Server
The server side of Privatemode hosts the inference service and processes prompts securely. Its architecture is designed to be highly scalable while never compromising confidentiality.
It consists of three main parts:
- The AI inference application itself, the workers
- The Contrast framework for running the workers in a Confidential Computing Environment (CCE)
- A key management service, the secret service
Workers
Workers are central to the backend. They host an AI model and serve inference requests. The necessary inference code and model are provided externally by the platform and model provider respectively.
The containerized inference code, in the following referred to as AI code, runs in a secure and isolated environment.
Each worker is a confidential container running in Contrast's runtime environment that isolates containers, more precisely Kubernetes Pods, in confidential VMs (CVM). The runtime CVM is minimal, immutable, and verifiable through remote attestation. It's also described in the Contrast documentation.
Interference code
The inference code is provided by an external party, such as HuggingFace TGI, vLLM, NVIDIA Triton, and is frequently updated. In case of Privatemode, the inference code is currently provided by vLLM. It's included in the remote attestation flow.
This code operates within a confidential computing environment that encrypts all data in memory. Within this secure environment, the inference code can access user data. To ensure that the inference code doesn't leak user data, the system relies on remote attestation, enabling the client to review and verify the code's integrity and behavior before execution.
This architecture ensures that (1) the infrastructure can't access user data or the inference code, and (2) the inference code doesn't leak user data to unprotected memory, the disk, or the network.
Confidential computing environment
Confidential Computing Environments (CCEs) provide robust hardware-based security and workload isolation.
While encryption in transit (TLS) and at rest (disk encryption) have become widespread, confidential computing completes data protection. It secures data at runtime—ensuring encryption throughout its entire lifecycle.
In Privatemode, all workloads run inside AMD SEV-SNP based Confidential VMs (CVMs).
With SEV-SNP, the memory of virtual machines (VMs) is encrypted. The processor manages encryption keys and ensures they're not accessible by untrusted software. Because encryption is hardware-accelerated, performance penalties are minimal. This reduces the attack surface, shielding workloads from:
- Unauthorized Access: Even if a malicious actor compromises the server-side system including the hypervisor or other VMs, SEV-SNP's encryption makes your data unreadable.
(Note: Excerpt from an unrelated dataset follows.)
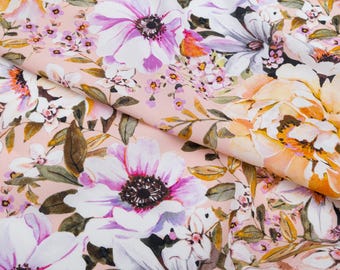 Italian Viscose Floral Fabric – Romantic Pink Dress Fabric for Blouses, Skirts & Summer Dresses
- Sophisticated Memory Attacks: SEV-SNP goes beyond confidentiality by adding integrity protection. It ensures that the data your VM reads is the same data it previously wrote, preventing tampering attempts.
Integrating AI accelerators into the CCE
The Privatemode API currently leverages NVIDIA's H100 AI accelerators to process large language models (LLMs). The H100’s confidential computing capabilities enable GPUs to be assigned to CVMs running on CPUs. This integration extends CCEs to include GPU workloads.
By using H100s, Privatemode applies key confidential computing features—such as remote attestation and isolation—to LLM processing, ensuring secure inference.
Encryption proxy
Each worker implements an encryption proxy responsible for encrypting and decrypting prompts and responses as they enter or leave the CVM for inference. This doesn't affect the low-level runtime encryption of the CVM itself but ensures end-to-end encryption at the application level. Inside the CVM, your data remains protected from external access.
For a detailed explanation of the end-to-end encryption workflow, refer to our Encryption section.
Contrast Integration
Privatemode leverages Contrast to implement attestation.
Contrast Coordinator
The Contrast Coordinator acts as an attestation service and ensures that only verified workloads and infrastructure components participate in Privatemode. It performs remote attestation for workers, provides them with credentials for authentication within the service mesh, and enforces security policies.
Service Mesh
The Contrast service mesh determines which services have been verified by the Coordinator and are allowed to communicate within Privatemode.
Attestation Agent
The attestation agent is a Privatemode-specific component that handles GPU attestation and registers a GenAI worker at the Contrast Coordinator. It's running inside each worker as a separate container and responsible for:
- Verifying GPUs before they can be assigned to a worker.
- Registering with the Coordinator to authenticate itself within the service mesh.
- Contacting the secret service to retrieve decryption keys after successful attestation.
Disk mounter
The disk mounter is a Privatemode-specific component that handles mounting model weight disks as read-only devices through dm-verity. It's running inside each worker as a separate container and is responsible for:
- Use dm-verity to setup a verity device. This continuously checks the integrity of disk during use.
- Mount the model weights disk as read only.
Secret Service
The secret service is a Privatemode-specific component responsible for secure key management and distribution. It runs inside a confidential container through the Contrast runtime. It ensures that encryption keys are only released to verified GenAI workers after successful attestation.
Its primary role is to:
- Store and manage encryption keys for GenAI workers.
- Release keys only to successfully verified GenAI workers.